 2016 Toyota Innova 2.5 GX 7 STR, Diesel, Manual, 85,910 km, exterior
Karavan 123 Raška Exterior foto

________________________

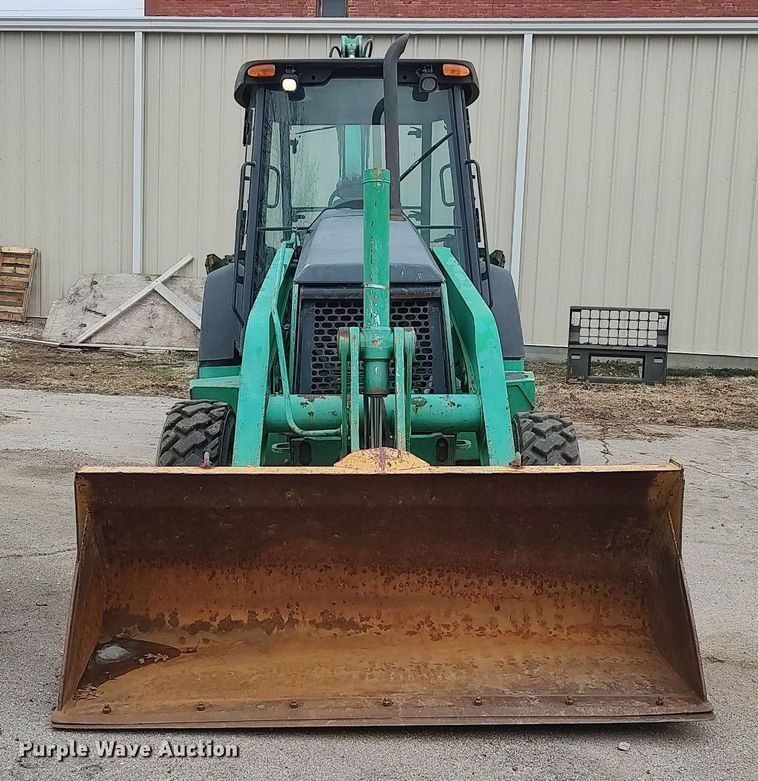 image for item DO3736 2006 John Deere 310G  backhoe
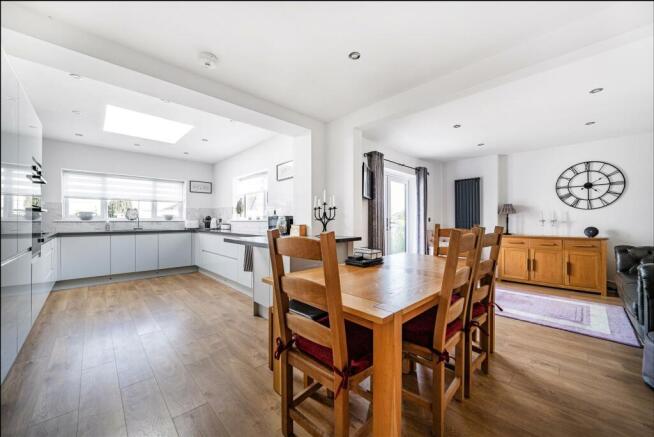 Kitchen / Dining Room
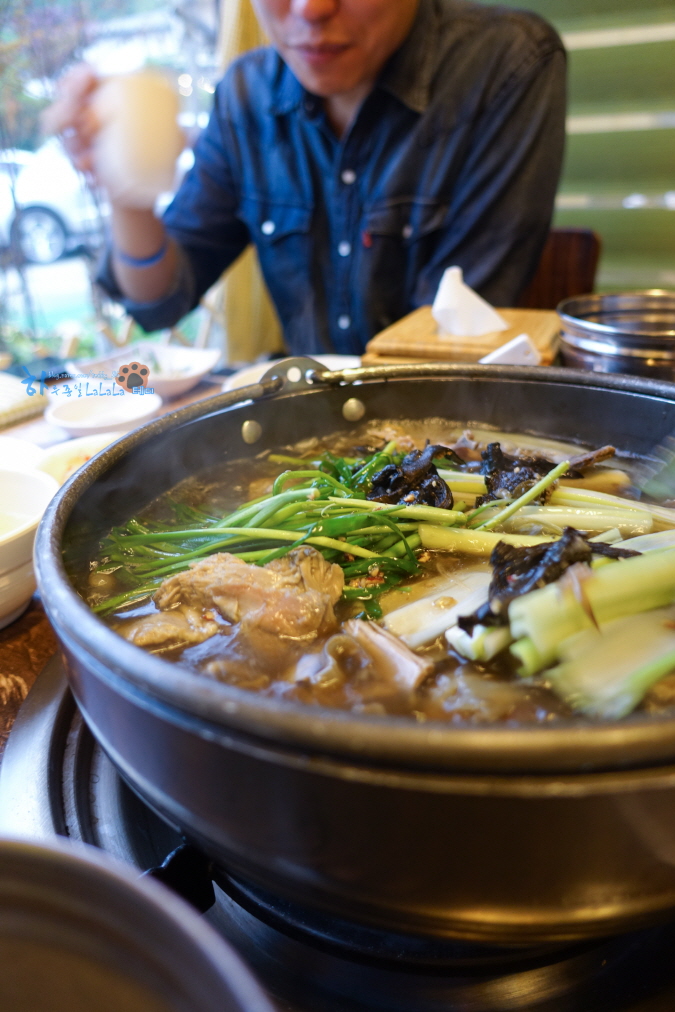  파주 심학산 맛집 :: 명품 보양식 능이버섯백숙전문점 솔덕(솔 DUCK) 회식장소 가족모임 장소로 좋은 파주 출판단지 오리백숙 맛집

________________________

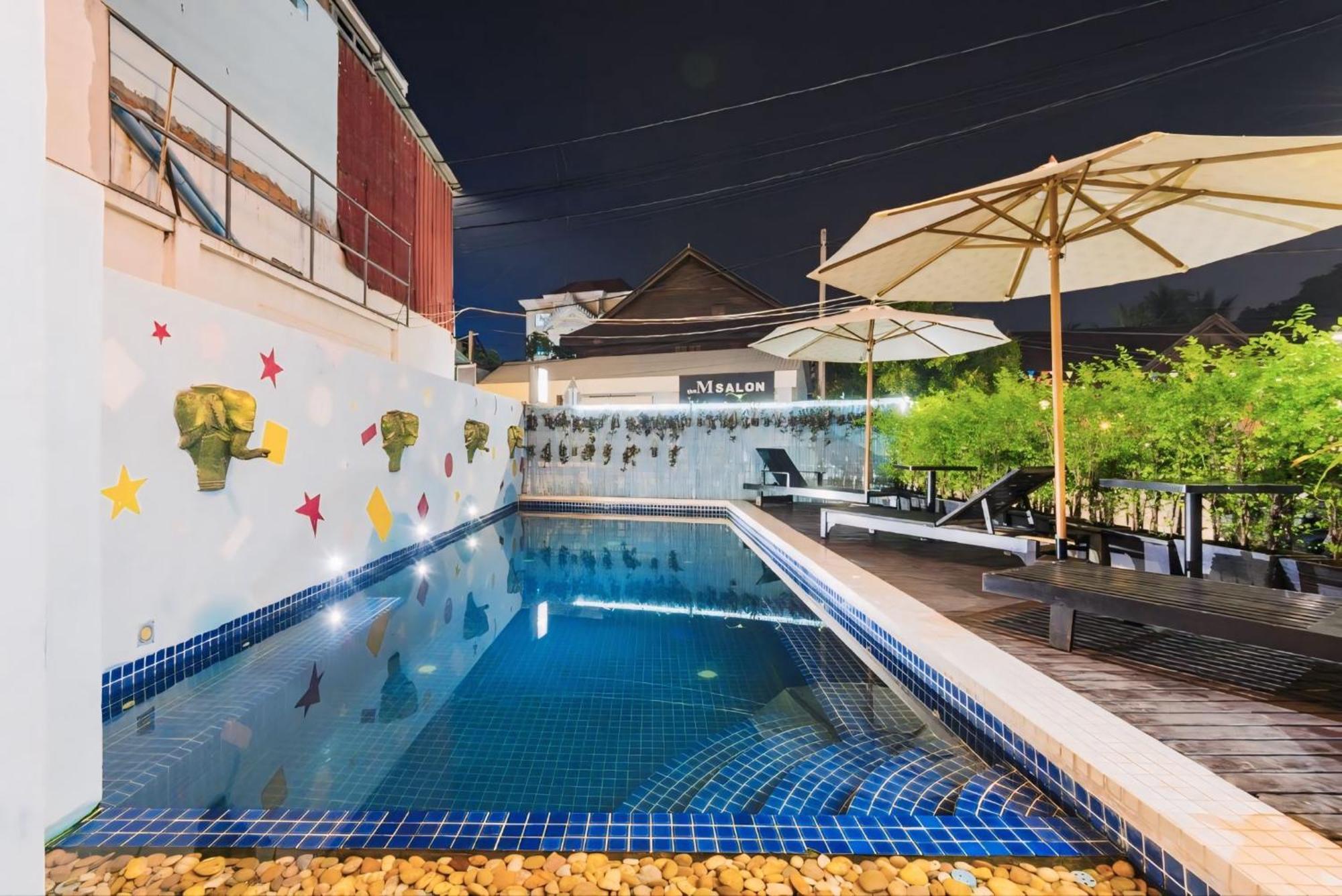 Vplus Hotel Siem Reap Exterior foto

________________________

• _YOUR TASK_:
Going by the data above, the answer is exactly the lines from the one holding "Kitchen / Dining Room" to the one holding "파주 심학산 맛집 :: 명품", both kept, with the pictures left out.

• _RESULT OF THIS TASK_:
 Kitchen / Dining Room
  파주 심학산 맛집 :: 명품 보양식 능이버섯백숙전문점 솔덕(솔 DUCK) 회식장소 가족모임 장소로 좋은 파주 출판단지 오리백숙 맛집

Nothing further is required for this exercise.